Authors
Klein, A., Sampaio Goncalves, D., Dulac, L., Knauer-Meyer, T., Durik, M., Chan, A. S. L., Birling, M.-C., Rhinn, M., Narita, M., Keyes, W. M.
Abstract
Cellular senescence is a distinct state of stable cell-cycle arrest coupled to a dynamic secretory phenotype. Although transient senescence contributes to embryonic development and regeneration, its relationship to the chronic forms associated with damage and aging is unclear. Here, we generated a p21-reporter mouse to isolate and transcriptionally profile senescent cells in Apical Ectodermal Ridge of the developing limb. Comparative analysis of these cells with diverse in vitro and in vivo senescence models revealed a conserved gene program encompassing canonical markers and regulators, with previously unassociated factors.

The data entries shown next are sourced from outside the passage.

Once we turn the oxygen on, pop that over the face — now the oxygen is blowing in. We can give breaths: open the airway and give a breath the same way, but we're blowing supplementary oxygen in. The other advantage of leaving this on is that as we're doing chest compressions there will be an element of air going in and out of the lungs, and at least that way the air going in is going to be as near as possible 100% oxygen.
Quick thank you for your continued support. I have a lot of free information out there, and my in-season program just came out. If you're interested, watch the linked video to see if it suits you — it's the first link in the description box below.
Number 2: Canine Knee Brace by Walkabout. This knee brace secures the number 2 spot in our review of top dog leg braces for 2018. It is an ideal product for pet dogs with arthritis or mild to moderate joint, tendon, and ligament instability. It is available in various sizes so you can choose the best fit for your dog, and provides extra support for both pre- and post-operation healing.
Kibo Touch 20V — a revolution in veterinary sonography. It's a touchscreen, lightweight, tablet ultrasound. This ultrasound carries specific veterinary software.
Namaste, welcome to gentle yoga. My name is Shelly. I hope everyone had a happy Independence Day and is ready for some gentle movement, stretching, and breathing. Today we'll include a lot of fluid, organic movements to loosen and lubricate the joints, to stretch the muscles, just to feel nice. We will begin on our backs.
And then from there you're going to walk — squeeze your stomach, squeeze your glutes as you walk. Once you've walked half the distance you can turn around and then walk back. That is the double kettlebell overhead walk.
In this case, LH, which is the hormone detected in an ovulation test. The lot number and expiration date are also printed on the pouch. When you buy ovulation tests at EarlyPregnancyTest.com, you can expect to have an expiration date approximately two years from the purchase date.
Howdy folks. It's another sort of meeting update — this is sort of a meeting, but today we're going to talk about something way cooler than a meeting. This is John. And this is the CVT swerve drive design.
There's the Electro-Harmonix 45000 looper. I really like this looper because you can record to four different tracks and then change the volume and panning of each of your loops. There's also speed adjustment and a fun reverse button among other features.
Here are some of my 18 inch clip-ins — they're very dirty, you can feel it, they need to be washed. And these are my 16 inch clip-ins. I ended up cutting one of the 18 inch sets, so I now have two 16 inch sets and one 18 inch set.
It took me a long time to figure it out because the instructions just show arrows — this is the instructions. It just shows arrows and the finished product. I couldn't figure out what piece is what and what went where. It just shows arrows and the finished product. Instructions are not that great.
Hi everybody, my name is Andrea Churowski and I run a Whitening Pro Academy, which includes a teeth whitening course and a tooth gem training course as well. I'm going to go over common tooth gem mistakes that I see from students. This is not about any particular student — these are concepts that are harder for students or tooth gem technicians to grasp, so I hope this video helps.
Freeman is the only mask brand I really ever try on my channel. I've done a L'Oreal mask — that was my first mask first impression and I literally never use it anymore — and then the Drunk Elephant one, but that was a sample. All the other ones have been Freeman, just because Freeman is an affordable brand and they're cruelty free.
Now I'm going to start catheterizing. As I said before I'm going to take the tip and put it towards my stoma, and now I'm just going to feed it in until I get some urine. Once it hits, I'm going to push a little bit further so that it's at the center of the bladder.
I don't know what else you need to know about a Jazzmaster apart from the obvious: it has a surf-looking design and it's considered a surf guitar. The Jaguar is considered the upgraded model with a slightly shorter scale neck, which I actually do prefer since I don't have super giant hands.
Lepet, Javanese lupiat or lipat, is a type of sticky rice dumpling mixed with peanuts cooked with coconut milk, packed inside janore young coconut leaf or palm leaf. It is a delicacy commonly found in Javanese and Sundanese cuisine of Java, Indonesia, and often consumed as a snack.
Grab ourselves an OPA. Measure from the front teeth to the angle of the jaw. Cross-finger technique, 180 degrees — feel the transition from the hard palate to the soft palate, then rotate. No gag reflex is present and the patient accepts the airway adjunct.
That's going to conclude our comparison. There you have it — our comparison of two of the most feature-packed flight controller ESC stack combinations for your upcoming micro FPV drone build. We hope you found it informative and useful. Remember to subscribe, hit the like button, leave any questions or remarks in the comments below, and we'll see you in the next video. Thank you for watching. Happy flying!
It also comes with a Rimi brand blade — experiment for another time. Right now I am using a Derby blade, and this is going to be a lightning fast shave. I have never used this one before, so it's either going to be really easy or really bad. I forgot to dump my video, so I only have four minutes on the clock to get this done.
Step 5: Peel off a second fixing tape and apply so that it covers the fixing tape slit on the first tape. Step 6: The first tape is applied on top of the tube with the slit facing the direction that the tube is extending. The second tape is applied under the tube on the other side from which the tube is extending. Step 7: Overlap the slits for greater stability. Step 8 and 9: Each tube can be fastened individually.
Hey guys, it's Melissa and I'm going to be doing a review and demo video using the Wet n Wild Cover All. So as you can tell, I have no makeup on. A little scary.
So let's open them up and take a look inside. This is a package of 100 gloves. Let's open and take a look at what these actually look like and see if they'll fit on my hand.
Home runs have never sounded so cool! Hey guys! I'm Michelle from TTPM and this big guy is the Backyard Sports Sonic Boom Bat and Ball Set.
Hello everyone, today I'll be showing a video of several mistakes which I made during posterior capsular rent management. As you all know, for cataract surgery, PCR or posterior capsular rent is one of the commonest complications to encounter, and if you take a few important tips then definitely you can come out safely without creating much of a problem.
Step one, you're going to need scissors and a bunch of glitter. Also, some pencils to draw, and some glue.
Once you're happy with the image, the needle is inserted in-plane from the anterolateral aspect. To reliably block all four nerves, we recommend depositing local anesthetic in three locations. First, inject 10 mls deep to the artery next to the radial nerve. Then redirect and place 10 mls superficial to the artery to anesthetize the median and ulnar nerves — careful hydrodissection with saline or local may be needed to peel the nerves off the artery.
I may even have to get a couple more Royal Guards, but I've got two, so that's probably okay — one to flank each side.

Among these, ectodysplasin A2 receptor (Eda2r) emerged as a critical modulator required for senescence-associated transcriptional and functional features. Our findings define a shared molecular framework linking developmental and pathological senescence and identify conserved effectors such as Eda2r as potential targets for therapeutic modulation of senescent cell function.
Preprint server:
bioRxiv
The authors list and abstract were imported from bioRxiv on 31 Oct 2025.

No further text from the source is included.